Если будет «мир» с ними… Я поняла, что этого нельзя перенести. И это не простится.
Неужели есть какая-нибудь страна, какое-нибудь правительство (не большевиков), думающее, что может быть, физически может – мир с ними? Черт с ней, с моралью. Я сейчас говорю о конкретностях. «Они» подпишут всякие бумажки. Примут все условия, все границы. Что им? Они безграничны. Что им условия с «незаконным» (не «советским») правительством? Самый их принцип требует неисполнения таких условий. Но фикция мира в их интересах. Одурманив ею народ, приведя его к разоружению, – они тихими стопами внедрятся в беззащитную страну… ведь это же, прежде всего, партия «подпольных» действий. А в кармане у них уже готовые составы «национальных» большевицких правительств любой страны. Только подточить и посадить. Выждать, сколько нужно. «Мирный» переворот, по воле народа!

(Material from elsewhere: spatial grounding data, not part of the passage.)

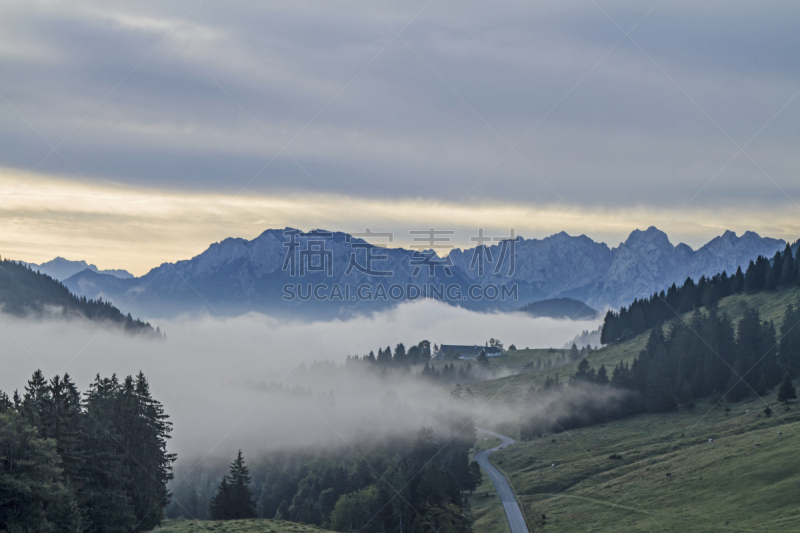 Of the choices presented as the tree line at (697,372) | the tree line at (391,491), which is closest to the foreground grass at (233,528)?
the tree line at (391,491)

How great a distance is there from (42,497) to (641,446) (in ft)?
366

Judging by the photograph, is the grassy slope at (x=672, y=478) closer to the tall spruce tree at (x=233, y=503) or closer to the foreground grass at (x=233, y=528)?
the foreground grass at (x=233, y=528)

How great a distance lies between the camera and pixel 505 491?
113m

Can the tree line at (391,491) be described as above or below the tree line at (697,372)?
below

Каждое правительство каждой страны, – какой угодно, хоть самой Америки! – подписывая «мир» с большевиками, – подписывает прежде всего смертный приговор себе самому. Это 2 x 2 = 4.

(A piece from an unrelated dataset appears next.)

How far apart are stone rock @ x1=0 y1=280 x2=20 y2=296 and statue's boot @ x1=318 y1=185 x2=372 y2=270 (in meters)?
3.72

Ну, а если после войны Европа стала думать, что 2 x 2 = 5?
Почти юродивое идиотство со стороны Европы посылать сюда «комиссии» или отдельных лиц для «ознакомления». Ведь их посылают – к большевикам в руки.
Они их и «ознакомливают». Строят декорации, кормят в «Астории» и открыто сторожат денно и нощно, лишая всякого контакта с внешним миром. Попробовал бы такой «комиссионер» хотя бы на улицу один выйти! У дверей каждого – часовой.
Отсюда и г-н Форет (о нем я своевременно писала, да он, как немец, чувствует органическое «влечение, род недуга» к большевизму… русскому), отсюда и этот махровый дурак мистер Гуд, разъезжающий в поезде Троцкого и, купленный вниманием добрых большевиков к его особе, – весь растекшийся от умиления.
Нет! Пришлите, голубчики, кого-нибудь «инкогнито». Пришлите не к ним – а к нам. Пусть поживут, как мы живем. Пусть увидят, что мы все видим. Пусть полюбуются и как существует «смысл» страны – ее интеллигенция. Вот будет дело.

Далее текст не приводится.